Arguments for and against the controversial subject of privatization are presented here.
Support Proponents of privatization argue that, over time, this can lead to lower prices, improved quality, more choices, less corruption, less
red tape, and/or quicker delivery. Many proponents do not argue that everything should be privatized. According to them,
market failures and
natural monopolies could be problematic. However,
anarcho-capitalists prefer that every function of the state be privatized, including
defense and
dispute resolution. Proponents of privatization make the following arguments: • Performance: state-run industries tend to be
bureaucratic. A political government may only be motivated to improve a function when its poor performance becomes politically sensitive. • Increased efficiency: private companies and firms have a greater incentive to produce goods and services more efficiently to increase profits. • Specialization: a private
business has the ability to focus all relevant human and financial resources onto specific functions. A state-owned firm does not have the necessary resources to
specialize its goods and services as a result of the general products provided to the greatest number of people in the
population. • Improvements: conversely, the government may put off improvements due to political sensitivity and special interests—even in cases of companies that are run well and better serve their customers' needs. • Corruption: a state-monopolized function is prone to
corruption; decisions are made primarily for political reasons, personal gain of the decision-maker (i.e. "graft"), rather than economic ones.
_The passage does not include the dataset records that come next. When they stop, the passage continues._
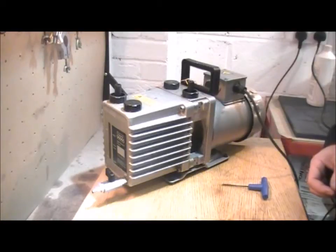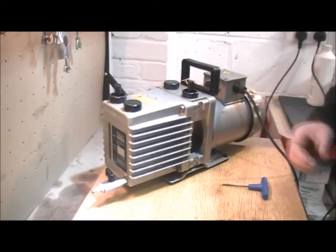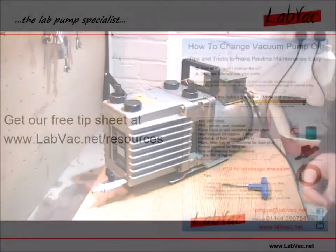There are some other videos on how to do that for certain pumps. Otherwise, get in touch — details at the end. Thanks.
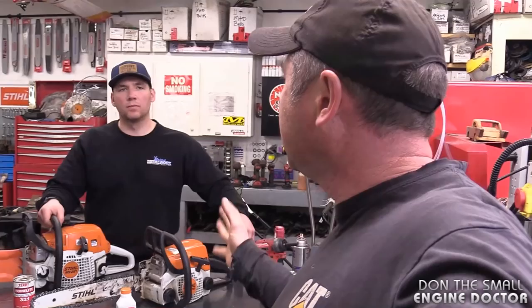Welcome back everybody. Dave, we received a question under one of our videos. Somebody was asking if they still have to mix the fuel in their older chainsaws at 32 to 1, like it was 30 to 40 years ago.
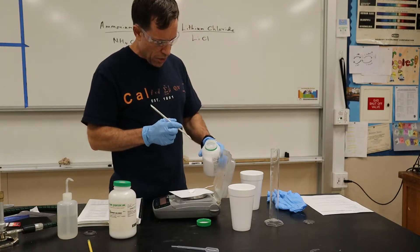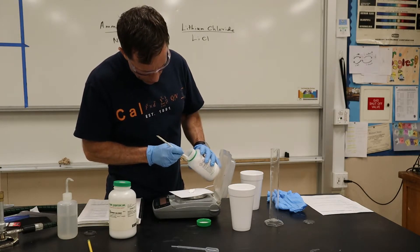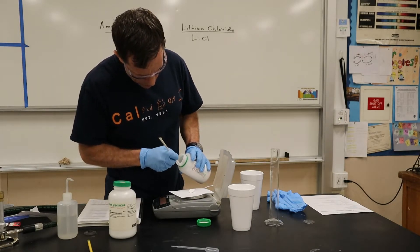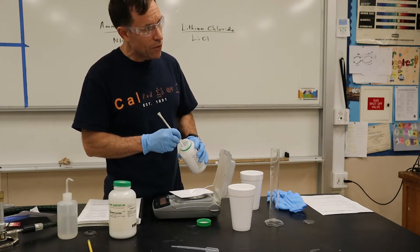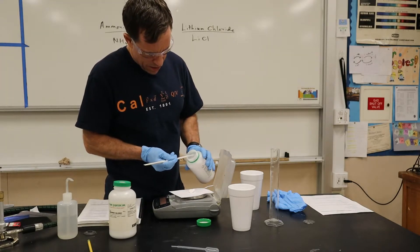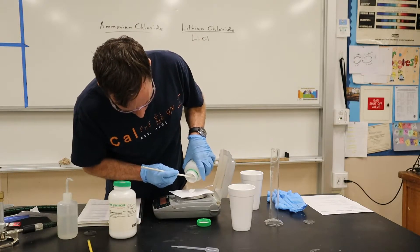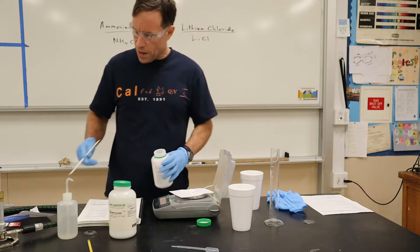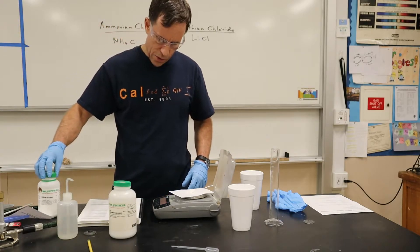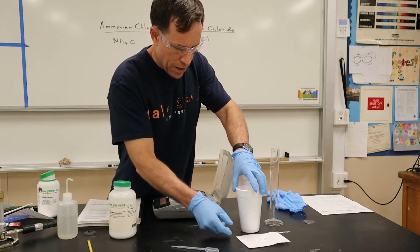Sometimes when lithium chloride gets moisture, it gets very hard to take it out. So I got 5.02 grams of the lithium chloride. That's going to be my lithium chloride sample.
Corruption (or
principal–agent issues) in a state-run corporation affects the ongoing asset stream and company performance, whereas any corruption that may occur during the privatization process is a one-time event and does not affect ongoing cash flow or performance of the company. • Accountability: managers of privately owned companies are accountable to their owners/shareholders and to the consumer, and can only exist and thrive where needs are met. Managers of publicly owned companies are required to be more accountable to the broader community and to political "stakeholders". This can reduce their ability to directly and specifically serve the needs of their customers, and can bias investment decisions away from otherwise profitable areas. • Civil-liberty concerns: a company controlled by the state may have access to information or assets which may be used against dissidents or any individuals who disagree with their policies. • Goals: a political government tends to run an industry or company for
political goals rather than
economic ones. • Capital: a privately held companies can sometimes more easily raise investment capital in the financial markets when such local markets exist and are suitably liquid. While interest rates for private companies are often higher than for government debt, this can serve as a useful constraint to promote efficient investments by private companies, instead of cross-subsidizing them with the overall credit-risk of the country. Investment decisions are then governed by market interest rates. State-owned industries have to compete with demands from other government departments and special interests. In either case, for smaller markets,
political risk may add substantially to the cost of capital. • Security: governments have had the tendency to "bail out" poorly run businesses, often due to the sensitivity of job losses, when economically, it may be better to let the business fold. • Lack of market discipline: poorly managed state companies are insulated from the same discipline as private companies, which could go bankrupt, have their management removed, or be taken over by competitors. Private companies are also able to take greater risks and then seek bankruptcy protection against creditors if those risks turn sour. • Natural monopolies: the existence of
natural monopolies does not mean that these sectors must be state owned. Governments can enact or are armed with
anti-trust legislation and bodies to deal with anti-competitive behavior of all companies public or private. • Concentration of wealth: ownership of and profits from successful enterprises tend to be dispersed and diversified—particularly in voucher privatization. The availability of more investment vehicles stimulates capital markets and promotes liquidity and job creation. • Political influence: nationalized industries are prone to interference from
politicians for
political or
populist reasons. Examples include making an industry buy supplies from local producers (when that may be more expensive than buying from abroad), forcing an industry to freeze its prices/fares to satisfy the electorate or control
inflation, increasing its staffing to reduce
unemployment, or moving its operations to
marginal constituencies. • Profits: corporations exist to generate profits for their shareholders. Private companies make a profit by enticing
consumers to buy their products in preference to their competitors' (or by increasing
primary demand for their products, or by reducing costs). Private corporations typically profit more if they serve the needs of their clients well. Corporations of different sizes may target different market niches in order to focus on marginal groups and satisfy their demand. A company with good
corporate governance will therefore be incentivized to meet the needs of its customers efficiently. • Job gains: as the economy becomes more efficient, more profits are obtained and no government subsidies and less taxes are needed, there will be more private money available for investments and consumption and more profitable and better-paid jobs will be created than in the case of a more regulated economy.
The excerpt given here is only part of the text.